_Stored records_
__________

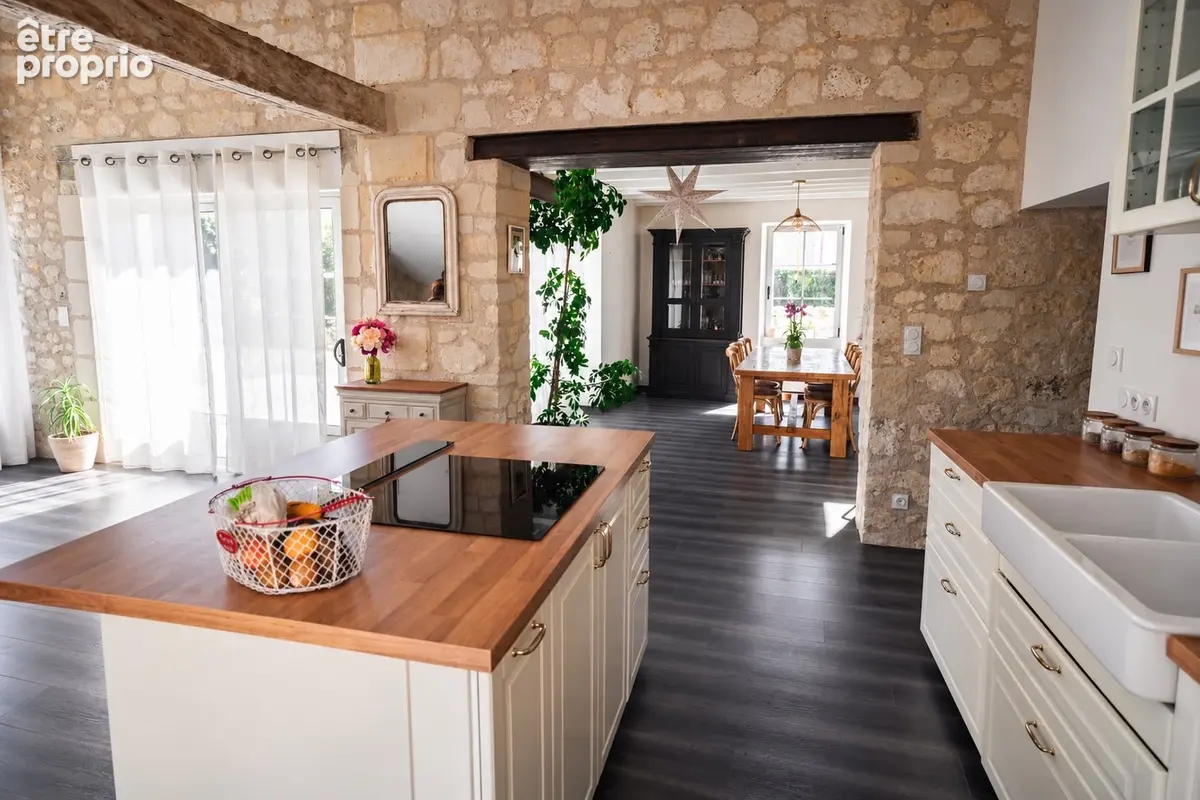 Maison à BRISSAC-QUINCE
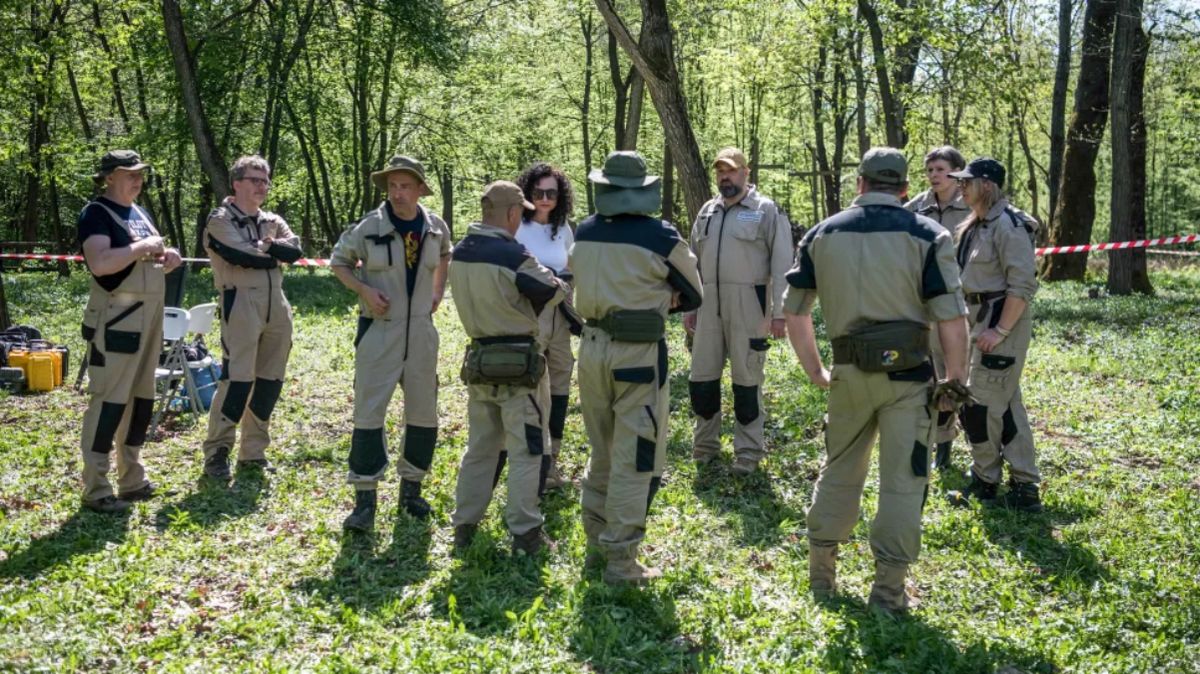 У Мінкульті розповіли про знахідки під час ексгумації у селі Пужники на Тернопільщині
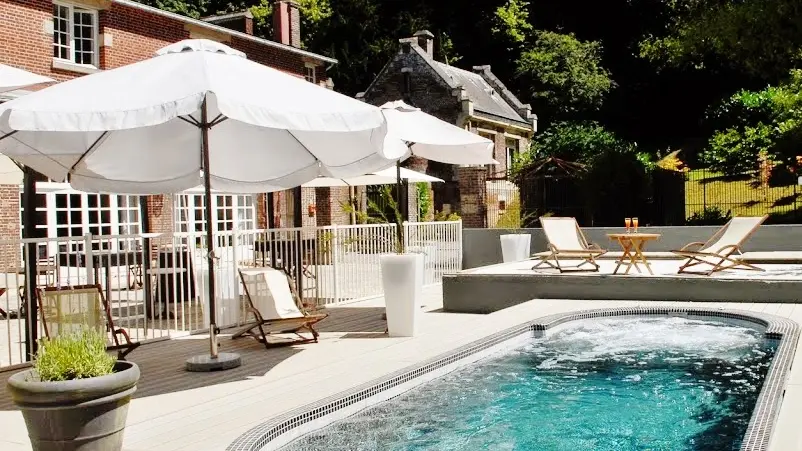 Spa de nage exterieur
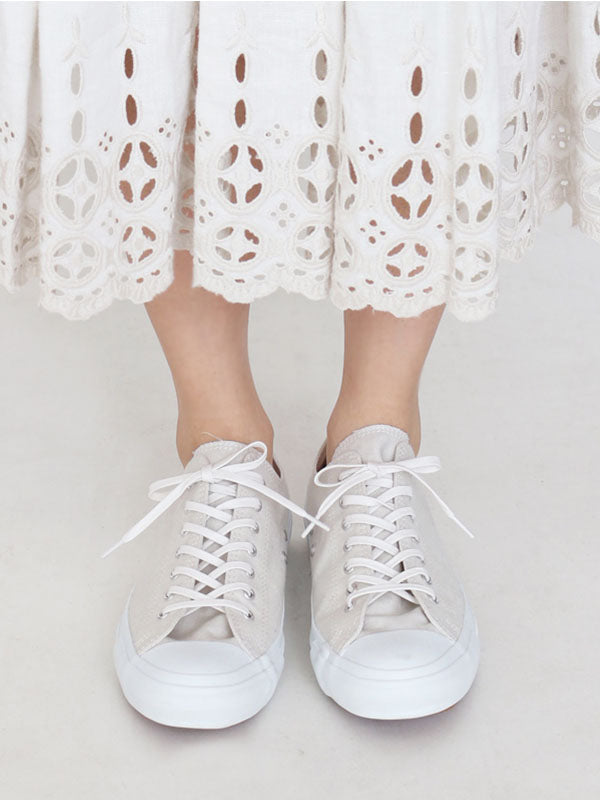 アンティークホワイト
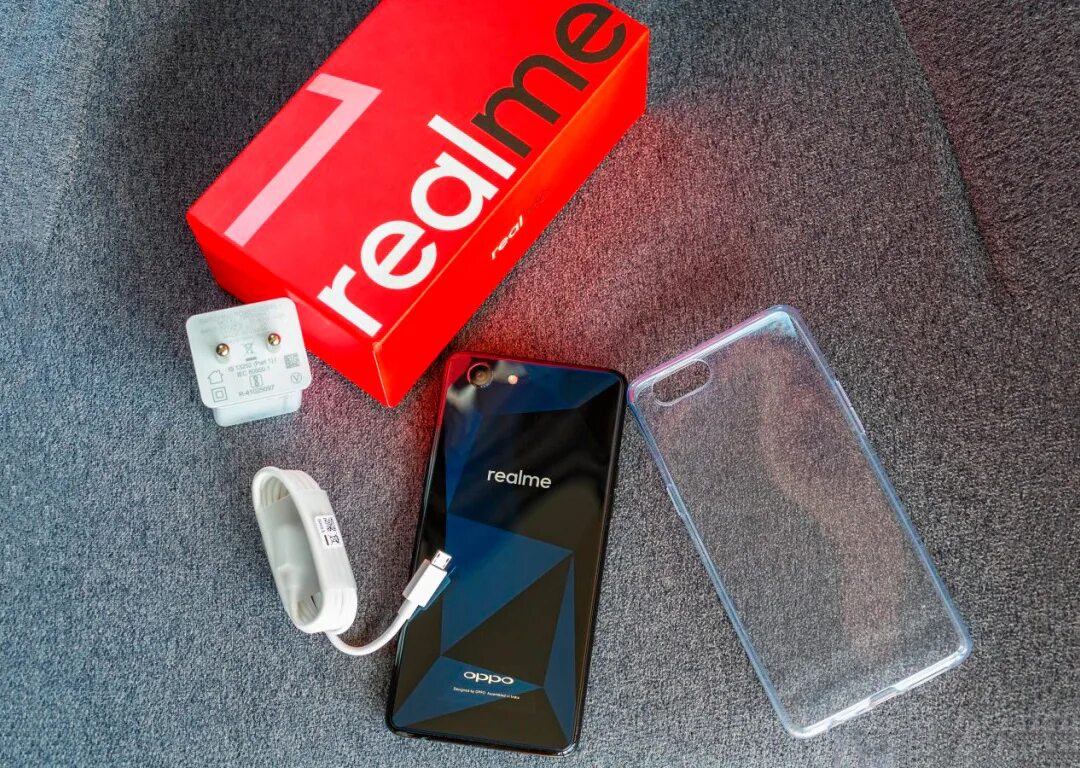 Oppo realme. Смартфоны Realme Oppo. Oppo Realme 1. Realme комплектация. Комплектация смартфонов Oppo.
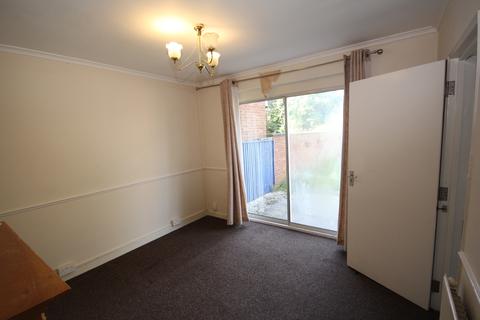 6 Bryony Close, Uxbridge, UB8 3RB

__________

Reproduce only the lines from the line with "У Мінкульті розповіли" to the end of the entries. Keep both ends, copy them exactly, and omit every picture.

 У Мінкульті розповіли про знахідки під час ексгумації у селі Пужники на Тернопільщині
 Spa de nage exterieur
 アンティークホワイト
 Oppo realme. Смартфоны Realme Oppo. Oppo Realme 1. Realme комплектация. Комплектация смартфонов Oppo.
 6 Bryony Close, Uxbridge, UB8 3RB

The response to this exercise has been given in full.